Ja, das war 2016, da hat sich doch viel getan, mögen Sie denken. Nun, 2017 gewann ein großes, international tätiges Unternehmen denselben Preis dafür, dass die Mitarbeiter »überall gleichermaßen gut arbeiten« können und 70 Prozent der Belegschaft mindestens einmal pro Woche unterwegs oder zu Hause arbeiten. 2018 war wieder ein Unternehmen mit 4-Tage-Woche und Sommer-Sabbatical dabei, 2019 gab es den Preis für ein Unternehmen, das Fünf-Stunden-Tage eingeführt hatte. Jeden Tag Arbeit von 8 bis 13 Uhr. Alle Mitarbeiter arbeiten in diesen Stunden selbstorganisiert, Meetings gibt es kaum oder nur kurz und »Störfaktoren wie Smalltalk werden vermieden«, wie es in der Laudatio hieß. Dieses Beispiel hat inzwischen international Resonanz erfahren, bis hin zu einem Artikel in der »New York Times«. Und jedes Jahr dachte ich wieder: »Ernsthaft?«

Nun ist es natürlich nicht falsch, sich über intelligente Arbeitszeitmodelle Gedanken zu machen und da neue Wege zu erproben. Was mich aber dennoch daran stört? Mir geht es weniger darum, dass solche Ansätze nicht für alle Unternehmen oder Aufgaben anwendbar sind. Es geht nicht um die viel zitierte Pflegekraft, die ihre Arbeit nicht mit nach Hause nehmen kann, oder den Polizisten, der kein Homeoffice machen kann. Das ist mit jedem Konzept so, nichts passt immer. Was mich wirklich stört, ist die Verkürzung von New Work auf »mobil und flexibel«. Da bin ich raus, um den Designer Guido Maria Kretschmer zu zitieren.

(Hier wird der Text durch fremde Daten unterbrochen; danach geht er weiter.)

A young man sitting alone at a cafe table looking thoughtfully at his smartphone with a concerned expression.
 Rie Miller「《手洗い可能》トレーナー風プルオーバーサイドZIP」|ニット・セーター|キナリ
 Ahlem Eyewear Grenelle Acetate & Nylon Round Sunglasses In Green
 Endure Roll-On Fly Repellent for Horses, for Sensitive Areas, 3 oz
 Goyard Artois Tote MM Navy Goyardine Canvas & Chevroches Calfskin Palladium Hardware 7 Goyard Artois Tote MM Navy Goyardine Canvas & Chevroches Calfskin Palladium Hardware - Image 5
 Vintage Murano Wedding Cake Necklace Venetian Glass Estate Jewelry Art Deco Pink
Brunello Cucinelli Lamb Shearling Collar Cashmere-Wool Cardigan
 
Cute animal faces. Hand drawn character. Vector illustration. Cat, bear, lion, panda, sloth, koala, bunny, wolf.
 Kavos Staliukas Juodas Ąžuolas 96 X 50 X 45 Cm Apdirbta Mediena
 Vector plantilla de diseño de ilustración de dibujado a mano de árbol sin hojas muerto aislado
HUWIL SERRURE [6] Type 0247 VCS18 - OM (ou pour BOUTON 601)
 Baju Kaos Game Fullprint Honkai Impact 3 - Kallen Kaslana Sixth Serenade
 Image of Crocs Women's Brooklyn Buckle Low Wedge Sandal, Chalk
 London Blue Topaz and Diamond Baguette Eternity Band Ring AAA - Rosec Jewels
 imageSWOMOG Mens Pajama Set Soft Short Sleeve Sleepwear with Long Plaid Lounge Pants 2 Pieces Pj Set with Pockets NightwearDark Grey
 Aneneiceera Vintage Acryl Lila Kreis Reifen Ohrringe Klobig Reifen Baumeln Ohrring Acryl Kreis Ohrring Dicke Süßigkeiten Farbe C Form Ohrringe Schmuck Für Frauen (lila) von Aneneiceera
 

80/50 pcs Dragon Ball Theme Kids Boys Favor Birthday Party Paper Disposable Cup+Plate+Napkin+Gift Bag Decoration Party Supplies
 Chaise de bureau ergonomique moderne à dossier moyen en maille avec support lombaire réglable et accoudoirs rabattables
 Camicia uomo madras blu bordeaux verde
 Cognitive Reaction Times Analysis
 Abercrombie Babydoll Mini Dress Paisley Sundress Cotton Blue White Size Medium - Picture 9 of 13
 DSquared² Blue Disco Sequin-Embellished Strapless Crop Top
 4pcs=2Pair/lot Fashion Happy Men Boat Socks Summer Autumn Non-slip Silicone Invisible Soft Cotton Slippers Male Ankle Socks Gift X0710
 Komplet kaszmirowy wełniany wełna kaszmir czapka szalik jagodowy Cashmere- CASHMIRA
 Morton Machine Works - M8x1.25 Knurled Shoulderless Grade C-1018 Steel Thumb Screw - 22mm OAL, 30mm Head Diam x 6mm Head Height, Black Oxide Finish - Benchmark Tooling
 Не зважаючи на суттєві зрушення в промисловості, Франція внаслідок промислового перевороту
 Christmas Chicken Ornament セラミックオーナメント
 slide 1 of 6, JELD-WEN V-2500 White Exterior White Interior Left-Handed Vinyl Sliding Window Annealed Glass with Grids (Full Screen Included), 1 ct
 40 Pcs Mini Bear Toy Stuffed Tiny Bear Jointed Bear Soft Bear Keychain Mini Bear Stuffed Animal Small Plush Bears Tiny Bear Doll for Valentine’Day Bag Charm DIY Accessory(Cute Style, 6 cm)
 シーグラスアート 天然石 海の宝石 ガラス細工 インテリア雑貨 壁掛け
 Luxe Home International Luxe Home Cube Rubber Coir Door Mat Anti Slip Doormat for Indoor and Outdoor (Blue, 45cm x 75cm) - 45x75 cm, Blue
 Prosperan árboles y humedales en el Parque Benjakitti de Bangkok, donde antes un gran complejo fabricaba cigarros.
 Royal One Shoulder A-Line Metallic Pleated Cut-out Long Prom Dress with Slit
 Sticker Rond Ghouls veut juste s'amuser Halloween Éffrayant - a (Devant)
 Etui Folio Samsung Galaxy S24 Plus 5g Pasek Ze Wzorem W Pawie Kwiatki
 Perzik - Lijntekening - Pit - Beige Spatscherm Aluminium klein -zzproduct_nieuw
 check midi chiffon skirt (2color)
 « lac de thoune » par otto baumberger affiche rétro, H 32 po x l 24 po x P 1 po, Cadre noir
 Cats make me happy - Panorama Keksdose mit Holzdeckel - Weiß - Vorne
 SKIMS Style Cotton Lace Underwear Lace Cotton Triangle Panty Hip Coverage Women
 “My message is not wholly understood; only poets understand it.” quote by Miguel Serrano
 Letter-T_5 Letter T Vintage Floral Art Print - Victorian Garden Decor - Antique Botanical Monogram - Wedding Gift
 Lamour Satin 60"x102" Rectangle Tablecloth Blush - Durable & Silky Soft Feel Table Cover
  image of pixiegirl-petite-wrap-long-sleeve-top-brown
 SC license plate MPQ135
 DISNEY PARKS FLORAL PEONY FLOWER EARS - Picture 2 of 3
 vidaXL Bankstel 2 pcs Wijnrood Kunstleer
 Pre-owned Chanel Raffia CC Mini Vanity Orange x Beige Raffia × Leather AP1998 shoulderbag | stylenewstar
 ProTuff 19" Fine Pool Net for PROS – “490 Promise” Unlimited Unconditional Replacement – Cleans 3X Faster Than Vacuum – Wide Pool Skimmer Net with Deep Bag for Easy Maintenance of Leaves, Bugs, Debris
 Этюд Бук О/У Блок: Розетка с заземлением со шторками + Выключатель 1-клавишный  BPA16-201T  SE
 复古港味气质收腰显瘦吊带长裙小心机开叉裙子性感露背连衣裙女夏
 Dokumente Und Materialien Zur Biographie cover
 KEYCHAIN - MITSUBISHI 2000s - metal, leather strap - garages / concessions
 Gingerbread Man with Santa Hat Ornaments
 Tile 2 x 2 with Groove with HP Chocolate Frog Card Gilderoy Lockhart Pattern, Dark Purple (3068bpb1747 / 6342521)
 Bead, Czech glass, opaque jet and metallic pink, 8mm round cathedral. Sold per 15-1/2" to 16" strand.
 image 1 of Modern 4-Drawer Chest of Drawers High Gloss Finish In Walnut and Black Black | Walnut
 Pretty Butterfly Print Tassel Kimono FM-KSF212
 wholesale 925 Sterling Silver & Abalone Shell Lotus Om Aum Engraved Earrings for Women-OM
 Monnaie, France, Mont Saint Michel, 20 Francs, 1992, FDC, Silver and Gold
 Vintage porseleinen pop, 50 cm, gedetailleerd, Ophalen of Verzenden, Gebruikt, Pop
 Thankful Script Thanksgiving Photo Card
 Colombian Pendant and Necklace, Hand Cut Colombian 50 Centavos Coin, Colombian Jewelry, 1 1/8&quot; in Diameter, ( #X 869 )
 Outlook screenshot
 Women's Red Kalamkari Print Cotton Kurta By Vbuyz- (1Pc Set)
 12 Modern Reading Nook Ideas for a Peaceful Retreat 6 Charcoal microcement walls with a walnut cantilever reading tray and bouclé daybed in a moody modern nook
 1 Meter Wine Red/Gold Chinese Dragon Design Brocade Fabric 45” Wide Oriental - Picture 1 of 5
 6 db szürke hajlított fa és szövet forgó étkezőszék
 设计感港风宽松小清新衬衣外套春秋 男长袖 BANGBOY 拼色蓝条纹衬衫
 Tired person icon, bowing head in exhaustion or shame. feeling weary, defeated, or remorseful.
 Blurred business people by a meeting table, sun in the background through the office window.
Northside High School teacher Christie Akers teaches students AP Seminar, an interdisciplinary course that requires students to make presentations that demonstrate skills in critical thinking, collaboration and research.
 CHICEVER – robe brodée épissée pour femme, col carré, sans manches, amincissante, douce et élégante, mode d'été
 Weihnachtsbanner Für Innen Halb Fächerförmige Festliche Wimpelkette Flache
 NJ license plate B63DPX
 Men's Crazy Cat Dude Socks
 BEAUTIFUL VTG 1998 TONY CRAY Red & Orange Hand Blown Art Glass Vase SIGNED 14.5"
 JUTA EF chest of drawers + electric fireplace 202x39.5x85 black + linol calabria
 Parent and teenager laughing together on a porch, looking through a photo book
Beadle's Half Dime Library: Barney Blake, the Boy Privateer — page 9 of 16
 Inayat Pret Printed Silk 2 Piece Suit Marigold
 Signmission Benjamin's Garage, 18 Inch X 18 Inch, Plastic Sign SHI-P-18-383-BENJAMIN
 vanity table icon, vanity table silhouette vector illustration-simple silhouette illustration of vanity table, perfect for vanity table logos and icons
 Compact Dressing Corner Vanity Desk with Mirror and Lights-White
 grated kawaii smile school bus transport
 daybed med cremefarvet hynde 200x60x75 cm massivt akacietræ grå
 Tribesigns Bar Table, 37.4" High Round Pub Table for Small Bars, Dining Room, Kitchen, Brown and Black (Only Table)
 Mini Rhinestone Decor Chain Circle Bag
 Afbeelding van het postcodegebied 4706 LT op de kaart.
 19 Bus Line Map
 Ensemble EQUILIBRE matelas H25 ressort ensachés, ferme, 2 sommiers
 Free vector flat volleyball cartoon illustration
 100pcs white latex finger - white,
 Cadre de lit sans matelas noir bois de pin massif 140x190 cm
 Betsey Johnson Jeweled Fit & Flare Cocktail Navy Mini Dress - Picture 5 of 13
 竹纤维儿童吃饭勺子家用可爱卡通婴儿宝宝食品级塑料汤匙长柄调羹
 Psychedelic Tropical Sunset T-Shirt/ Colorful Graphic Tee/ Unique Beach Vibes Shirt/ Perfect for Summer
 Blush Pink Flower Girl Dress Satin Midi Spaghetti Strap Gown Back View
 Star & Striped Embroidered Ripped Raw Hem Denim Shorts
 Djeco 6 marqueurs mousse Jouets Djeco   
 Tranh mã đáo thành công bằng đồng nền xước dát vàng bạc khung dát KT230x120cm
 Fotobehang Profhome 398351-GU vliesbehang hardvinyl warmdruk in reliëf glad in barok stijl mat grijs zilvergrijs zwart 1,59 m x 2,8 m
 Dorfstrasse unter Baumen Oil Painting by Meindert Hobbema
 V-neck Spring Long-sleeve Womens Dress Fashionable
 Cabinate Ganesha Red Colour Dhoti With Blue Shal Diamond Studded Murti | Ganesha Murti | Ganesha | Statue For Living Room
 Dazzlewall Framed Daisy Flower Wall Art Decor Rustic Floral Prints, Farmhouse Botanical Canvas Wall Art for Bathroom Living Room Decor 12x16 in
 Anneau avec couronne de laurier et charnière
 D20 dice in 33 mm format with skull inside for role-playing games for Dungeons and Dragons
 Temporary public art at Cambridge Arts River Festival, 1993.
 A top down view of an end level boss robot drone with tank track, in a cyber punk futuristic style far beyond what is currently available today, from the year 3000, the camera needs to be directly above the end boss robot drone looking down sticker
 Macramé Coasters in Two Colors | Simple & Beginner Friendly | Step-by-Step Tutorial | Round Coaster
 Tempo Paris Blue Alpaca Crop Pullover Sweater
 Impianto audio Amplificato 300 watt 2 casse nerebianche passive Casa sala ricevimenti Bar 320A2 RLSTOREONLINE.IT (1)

Manchmal erzeugen Medikamente erst den Schmerz, den sie zu bekämpfen versuchen.

Ich bin raus, weil wir mit »Zeit und Ort« an Symptomen unserer Arbeitswelt herumdoktern und nicht an dem arbeiten, was diese Arbeitswelt zentral ausmacht. Und das sind eben vielfach noch hierarchische Strukturen, Fremdbestimmung, Beschäftigung statt Arbeit und einseitige Bevorzugung der Shareholder gegenüber anderen Stakeholdern. Nun ist es natürlich manchmal sehr hilfreich, ein Symptom zu kurieren. Das ist bei Kopfschmerzen nicht anders. Kurzfristig hilft die Tablette, doch die Ursache für die Schmerzen verschwindet meistens nicht und kann sich sogar unbemerkt verschlimmern. Und manchmal erzeugen Medikamente erst den Schmerz, den sie zu bekämpfen versuchen.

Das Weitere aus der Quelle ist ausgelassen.